Nigerien soldiers patrol along the border near the southeastern city of Bosso, on May 25, 2015. (AFP photo)

Niger's army chief has said that the landlocked West African country is close to winning the war against Takfiri Bako Haram terrorist group.

General Seini Garba told state radio on Tuesday that Niamey forces have achieved great accomplishments in the fight against the Nigeria-based militant group over the past few months.

However, the army chief admitted that the militant group has still the capacity to do great harm to the country.

"We have made tremendous efforts and we have had great results in the fight against Boko Haram," Garba said, adding "We feel we are in the process of winning the war even though the terrorist group still has the capacity to harm."

In October last year, Niger's Interior Minister Hassoumi Massaoudou had said that the main challenge for the military was securing the border with Nigeria.

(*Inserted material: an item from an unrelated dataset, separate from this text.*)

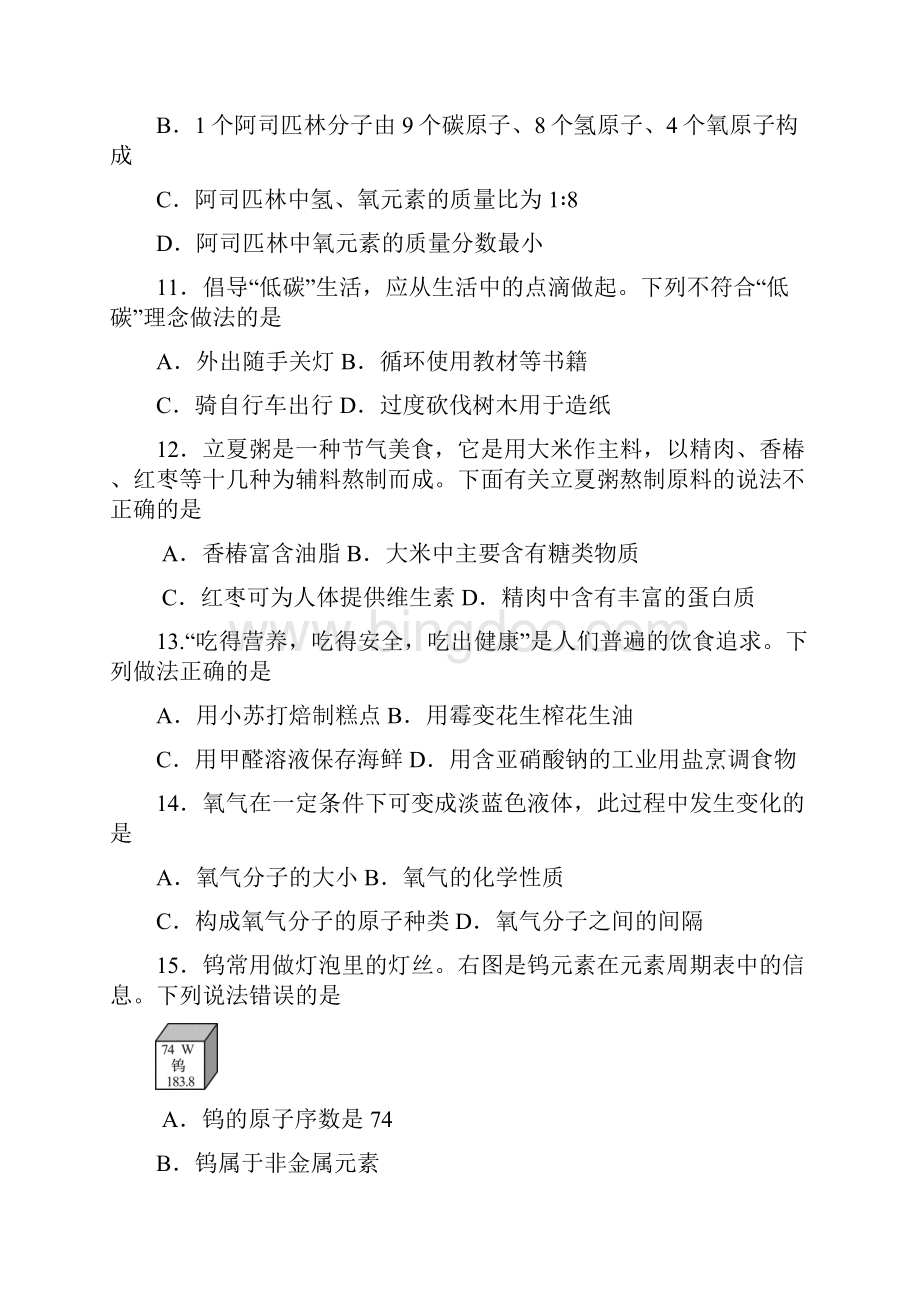 北京市东城区届初三化学一模试题及答案.docx_第3页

Boko Haram Takfiri militants have frequently targeted several villages and towns across southeast Niger. Niger's Diffa region, a border area with Nigeria has witnessed several attacks since February, including one in June 2015 in which 38 people lost their lives.

An AFP picture taken on May 25, 2015 shows a sign reading "No future for Boko Haram, long live Niger" on a market in the southeastern city of Bosso, near the border with Nigeria, in Diffa region.

The latest remarks by the military chief come as Nigerien troops backed by fighter jets have been establishing a network around major towns and cities to block militants’ infiltration. 

Niger has joined a regional military alliance alongside Cameroon, Chad and Nigeria to battle Boko Haram elements.

The terrorists have pledged allegiance to the Daesh Takfiri militant group, which is wreaking havoc in several countries, mainly Iraq and Syria.

The Boko Haram militancy began in 2009, when the terrorist group started an armed rebellion against the Nigerian government. At least 17,000 people have been killed and more than 2.5 million made homeless since then.